That does not mean, however, that all strong, robust cultures are equally suitable to sustained outstanding performance. Culture, as Xerox discovered, may also hinder adaptiveness and change, a problem that can be particularly debilitating in a dynamic external environment. Strong cultures can turn the attention of employees inward as they attempt to preserve old, traditional ways of doing things without responding to the new for new approaches. Cultures that focus attention exclusively on the past while sacrificing the need to respond to the future can be said to be nonadaptive.

In contrast, adaptive cultures encourage adaptation and enable the implementation of change as part of their core values.Nordstrom, Southwest Airlines, Microsoft, and Google all rely on robust, adaptive cultures to remain competitive in a dynamic environment.

Theory into Practice

Strong, internally consistent cultures may resist change; adaptive cultures will embrace, encourage, and enable change implementation.

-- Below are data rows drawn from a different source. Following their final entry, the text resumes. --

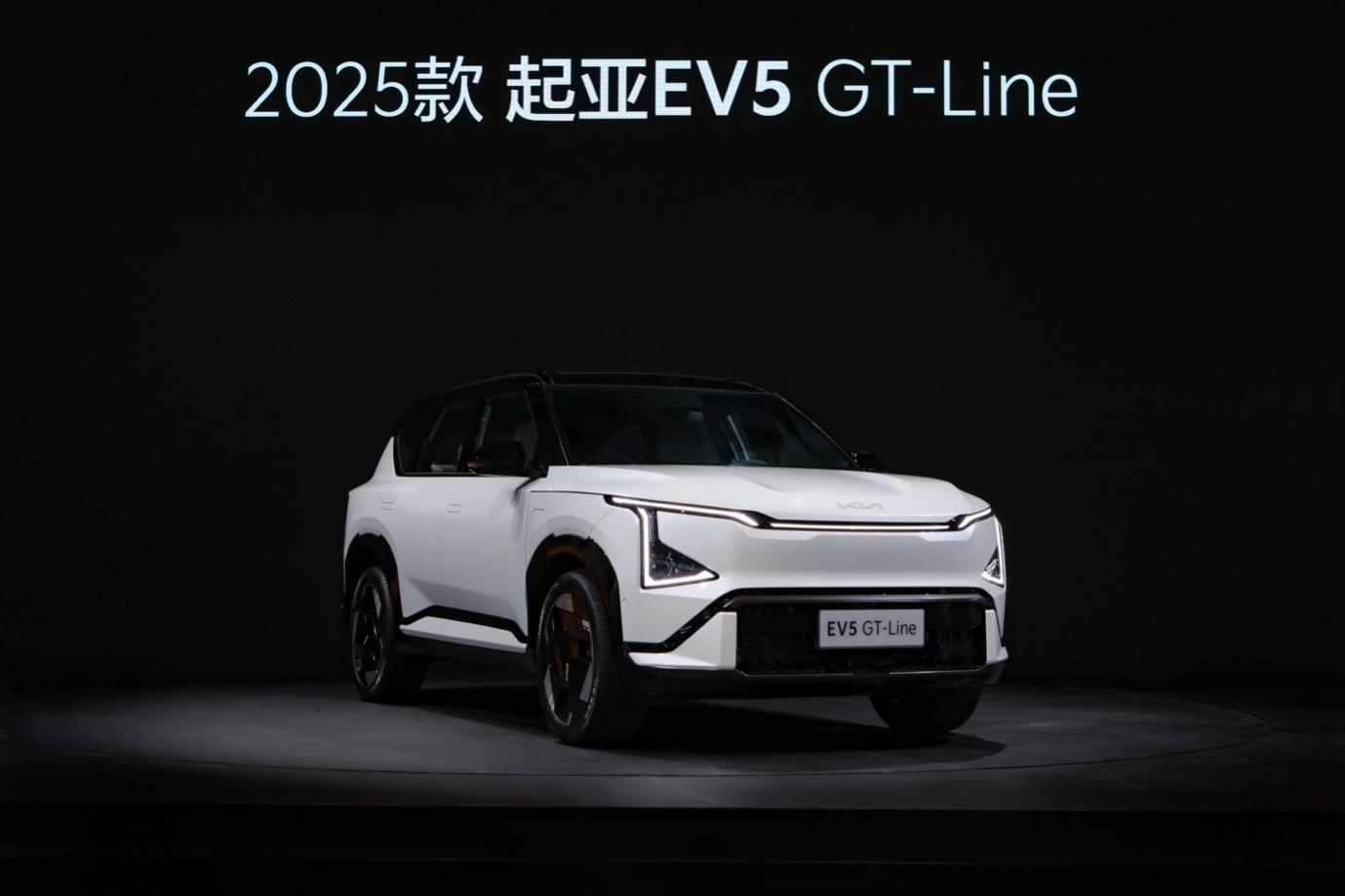 起亚EV5成指定接待用车,2025澳网亚太区外卡赛燃情开赛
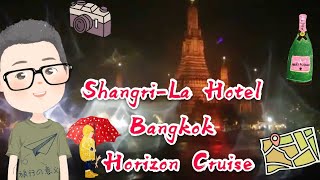 ShangriLa Hotel Bangkok Horizon Cruise [upl. by Godrich]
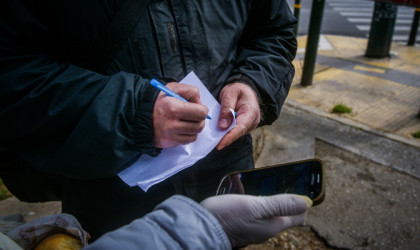 Τι να μην ξεχνάμε όταν χρησιμοποιούμε το 13032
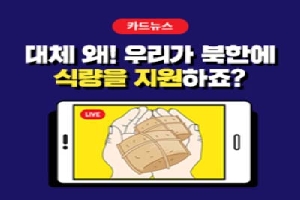 카드뉴스
대체 왜! 우리가 북한에
식량을 지원하죠?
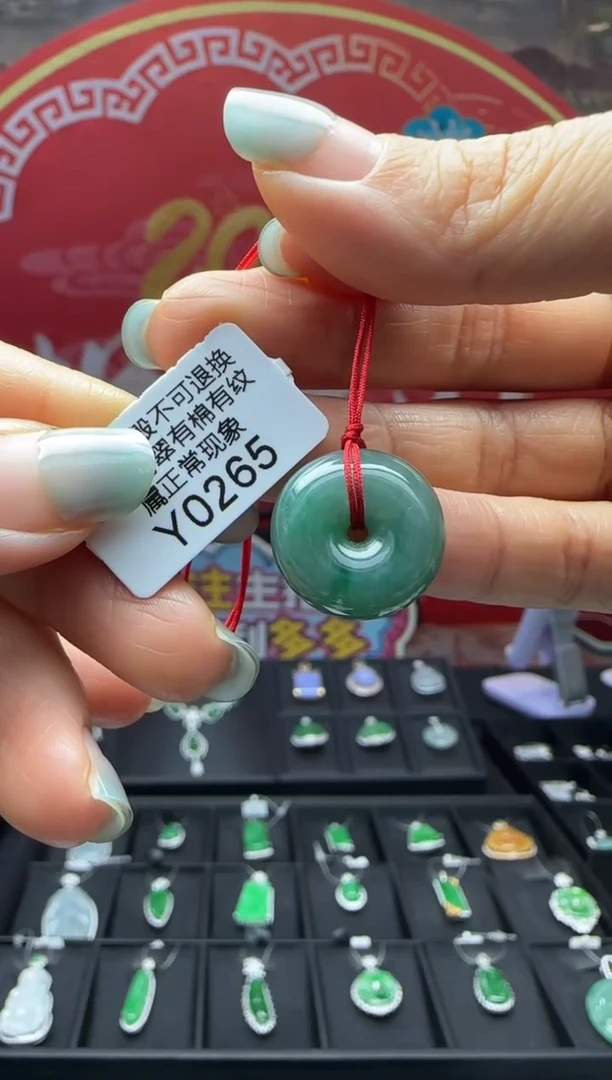 【闪购商品】翡翠颈饰未镶嵌Y0265 需包容福利不退换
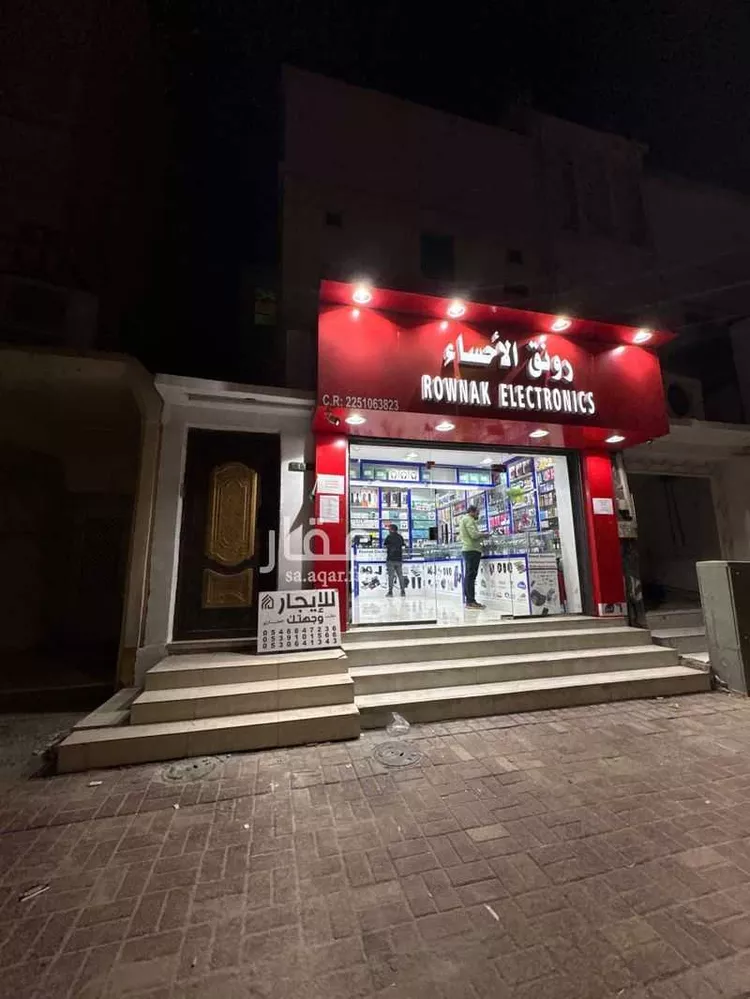 شقة للإيجار في شارع الامير ثامر بن عبدالعزيز, حي الحفيرة, مدينة الاحساء, المنطقة الشرقية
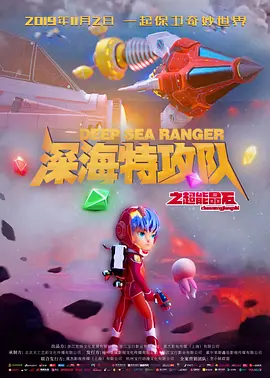 麻豆视频高清免费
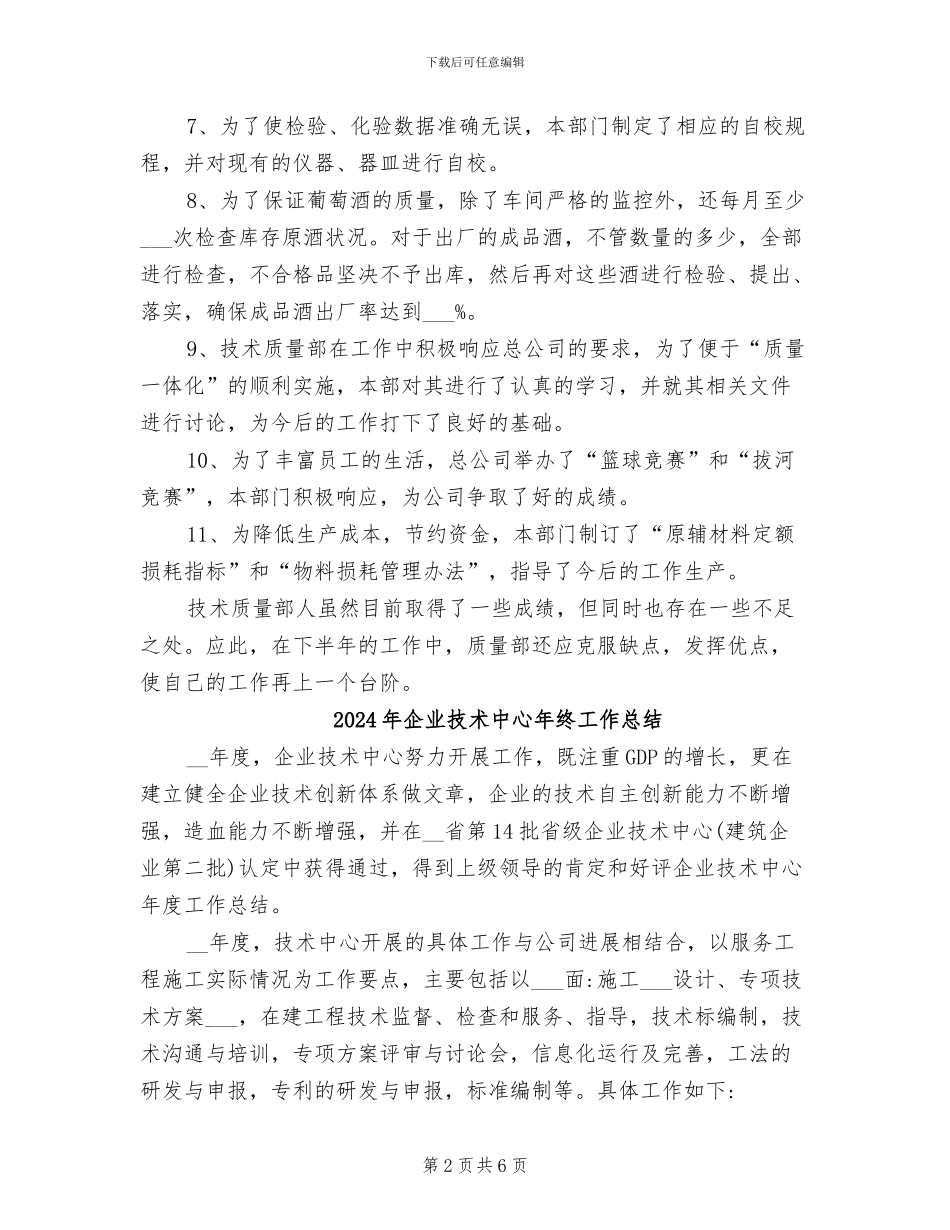 2024年企业技术中心年度工作总结_第2页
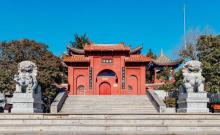 兴国寺1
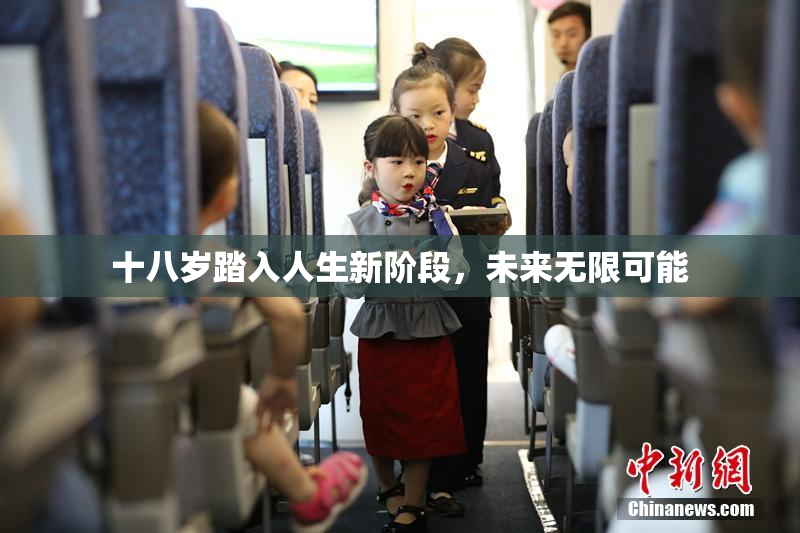 十八岁踏入人生新阶段，未来无限可能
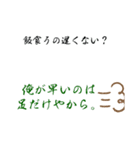 ささてんかす（個別スタンプ：5）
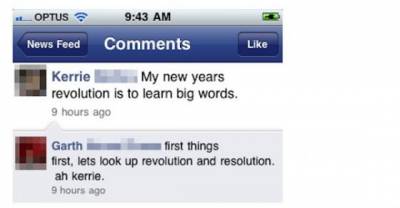 18 New Year's Status Updates That are Ridiculously Bad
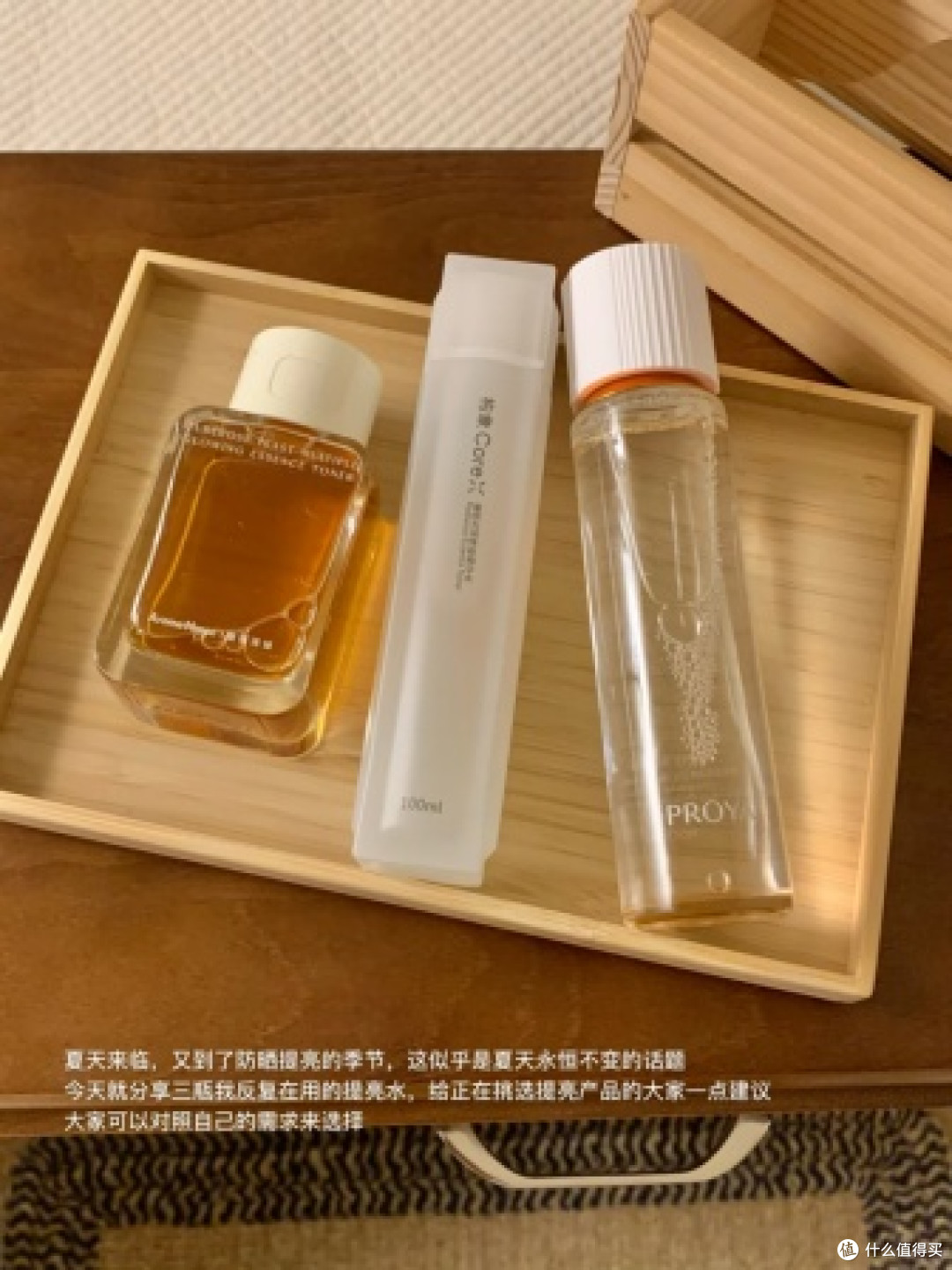 熬夜脸逆袭|这瓶亮感水让我的黄气一扫而空!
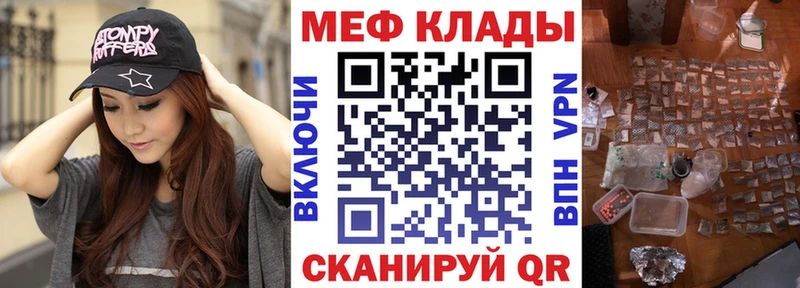 Мефедрон кристаллы  Конаково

The adaptiveness of an organization’s culture—its ability to support change implementation in response to a dynamic environment—resides in seven separate but interrelated sets of values and assumptions concerning:

  1. The legitimacy of multiple stakeholders.
  2. The motivation and developmental potential of people.
  3. Performance expectations.
  4. Employee participation.
  5. Learning.
  6. Diversity.
  7. A global mindset.

We can examine each to analyze how culture can support or hinder change.

Valuing Multiple Shareholders

Turnaround champion Al Dunlop took the view that organizations are accountable only to investors. “Shareholders are the number one constituency,” he said. “Show me an annual report that lists six or seven constituencies, and I’ll show you a mismanaged company.”

Whatever else might be said about Dunlop’s philosophy and turnaround efforts, he failed to create adaptive organizations capable of transforming themselves in response to external environmental and competitive changes. Most of his “turned-around” companies, in fact, ceased to exist.

Organizations capable of adaptation and change do not emphasize a single stakeholder, whether it is shareholders, employees, or even customers. In the end, organizations whose leaders value the perspectives of multiple stakeholders—with particular emphasis on customers, employees, and shareholders—outperform those that focus on one or two.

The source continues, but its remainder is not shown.